[Records from a dataset]
<<<<

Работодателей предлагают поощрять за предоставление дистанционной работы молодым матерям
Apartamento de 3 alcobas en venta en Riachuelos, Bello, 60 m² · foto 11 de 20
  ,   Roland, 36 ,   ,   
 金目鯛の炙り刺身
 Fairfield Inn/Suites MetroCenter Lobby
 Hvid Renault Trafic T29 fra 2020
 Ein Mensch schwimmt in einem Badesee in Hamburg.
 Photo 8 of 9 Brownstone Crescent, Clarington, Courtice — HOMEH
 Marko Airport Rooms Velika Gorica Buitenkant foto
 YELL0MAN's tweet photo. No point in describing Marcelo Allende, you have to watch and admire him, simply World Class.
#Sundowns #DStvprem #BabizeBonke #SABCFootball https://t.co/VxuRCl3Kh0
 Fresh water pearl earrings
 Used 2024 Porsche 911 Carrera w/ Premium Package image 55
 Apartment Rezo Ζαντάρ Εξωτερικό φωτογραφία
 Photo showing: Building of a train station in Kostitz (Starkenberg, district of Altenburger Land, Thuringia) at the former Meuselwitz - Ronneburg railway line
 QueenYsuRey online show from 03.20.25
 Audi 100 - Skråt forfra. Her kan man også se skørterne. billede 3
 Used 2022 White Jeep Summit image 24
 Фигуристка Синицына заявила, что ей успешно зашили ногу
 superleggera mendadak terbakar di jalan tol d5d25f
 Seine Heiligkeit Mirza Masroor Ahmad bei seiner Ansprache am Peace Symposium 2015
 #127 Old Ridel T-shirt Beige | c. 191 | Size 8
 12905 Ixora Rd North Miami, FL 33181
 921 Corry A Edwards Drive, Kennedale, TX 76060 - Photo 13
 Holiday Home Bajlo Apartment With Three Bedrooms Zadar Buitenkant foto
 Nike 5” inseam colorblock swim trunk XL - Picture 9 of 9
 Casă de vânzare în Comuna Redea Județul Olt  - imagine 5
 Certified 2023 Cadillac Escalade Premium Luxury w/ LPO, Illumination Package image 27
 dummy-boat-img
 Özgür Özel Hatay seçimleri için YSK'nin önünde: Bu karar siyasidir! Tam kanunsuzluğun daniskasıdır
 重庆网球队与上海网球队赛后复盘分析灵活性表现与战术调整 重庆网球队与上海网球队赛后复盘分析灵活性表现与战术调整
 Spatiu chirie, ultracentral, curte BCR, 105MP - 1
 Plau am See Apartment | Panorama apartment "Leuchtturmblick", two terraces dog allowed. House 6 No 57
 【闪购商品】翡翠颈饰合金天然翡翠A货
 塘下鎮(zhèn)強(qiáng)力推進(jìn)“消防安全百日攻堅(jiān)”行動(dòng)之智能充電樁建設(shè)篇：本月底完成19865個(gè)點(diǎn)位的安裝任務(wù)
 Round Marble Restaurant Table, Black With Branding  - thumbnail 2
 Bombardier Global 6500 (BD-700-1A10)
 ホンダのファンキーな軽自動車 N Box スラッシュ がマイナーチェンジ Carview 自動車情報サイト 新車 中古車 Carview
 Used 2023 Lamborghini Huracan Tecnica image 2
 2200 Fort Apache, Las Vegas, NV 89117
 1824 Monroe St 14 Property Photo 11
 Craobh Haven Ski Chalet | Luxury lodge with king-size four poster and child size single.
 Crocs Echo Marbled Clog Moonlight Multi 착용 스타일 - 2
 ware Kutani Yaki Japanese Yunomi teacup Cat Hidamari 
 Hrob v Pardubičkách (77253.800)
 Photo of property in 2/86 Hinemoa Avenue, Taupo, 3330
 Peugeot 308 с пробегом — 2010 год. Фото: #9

>>>>

Work item:
Would you return each entry exactly as it reads?

Your response:
Работодателей предлагают поощрять за предоставление дистанционной работы молодым матерям
Apartamento de 3 alcobas en venta en Riachuelos, Bello, 60 m² · foto 11 de 20
  ,   Roland, 36 ,   ,   
 金目鯛の炙り刺身
 Fairfield Inn/Suites MetroCenter Lobby
 Hvid Renault Trafic T29 fra 2020
 Ein Mensch schwimmt in einem Badesee in Hamburg.
 Photo 8 of 9 Brownstone Crescent, Clarington, Courtice — HOMEH
 Marko Airport Rooms Velika Gorica Buitenkant foto
 YELL0MAN's tweet photo. No point in describing Marcelo Allende, you have to watch and admire him, simply World Class.
#Sundowns #DStvprem #BabizeBonke #SABCFootball https://t.co/VxuRCl3Kh0
 Fresh water pearl earrings
 Used 2024 Porsche 911 Carrera w/ Premium Package image 55
 Apartment Rezo Ζαντάρ Εξωτερικό φωτογραφία
 Photo showing: Building of a train station in Kostitz (Starkenberg, district of Altenburger Land, Thuringia) at the former Meuselwitz - Ronneburg railway line
 QueenYsuRey online show from 03.20.25
 Audi 100 - Skråt forfra. Her kan man også se skørterne. billede 3
 Used 2022 White Jeep Summit image 24
 Фигуристка Синицына заявила, что ей успешно зашили ногу
 superleggera mendadak terbakar di jalan tol d5d25f
 Seine Heiligkeit Mirza Masroor Ahmad bei seiner Ansprache am Peace Symposium 2015
 #127 Old Ridel T-shirt Beige | c. 191 | Size 8
 12905 Ixora Rd North Miami, FL 33181
 921 Corry A Edwards Drive, Kennedale, TX 76060 - Photo 13
 Holiday Home Bajlo Apartment With Three Bedrooms Zadar Buitenkant foto
 Nike 5” inseam colorblock swim trunk XL - Picture 9 of 9
 Casă de vânzare în Comuna Redea Județul Olt  - imagine 5
 Certified 2023 Cadillac Escalade Premium Luxury w/ LPO, Illumination Package image 27
 dummy-boat-img
 Özgür Özel Hatay seçimleri için YSK'nin önünde: Bu karar siyasidir! Tam kanunsuzluğun daniskasıdır
 重庆网球队与上海网球队赛后复盘分析灵活性表现与战术调整 重庆网球队与上海网球队赛后复盘分析灵活性表现与战术调整
 Spatiu chirie, ultracentral, curte BCR, 105MP - 1
 Plau am See Apartment | Panorama apartment "Leuchtturmblick", two terraces dog allowed. House 6 No 57
 【闪购商品】翡翠颈饰合金天然翡翠A货
 塘下鎮(zhèn)強(qiáng)力推進(jìn)“消防安全百日攻堅(jiān)”行動(dòng)之智能充電樁建設(shè)篇：本月底完成19865個(gè)點(diǎn)位的安裝任務(wù)
 Round Marble Restaurant Table, Black With Branding  - thumbnail 2
 Bombardier Global 6500 (BD-700-1A10)
 ホンダのファンキーな軽自動車 N Box スラッシュ がマイナーチェンジ Carview 自動車情報サイト 新車 中古車 Carview
 Used 2023 Lamborghini Huracan Tecnica image 2
 2200 Fort Apache, Las Vegas, NV 89117
 1824 Monroe St 14 Property Photo 11
 Craobh Haven Ski Chalet | Luxury lodge with king-size four poster and child size single.
 Crocs Echo Marbled Clog Moonlight Multi 착용 스타일 - 2
 ware Kutani Yaki Japanese Yunomi teacup Cat Hidamari 
 Hrob v Pardubičkách (77253.800)
 Photo of property in 2/86 Hinemoa Avenue, Taupo, 3330
 Peugeot 308 с пробегом — 2010 год. Фото: #9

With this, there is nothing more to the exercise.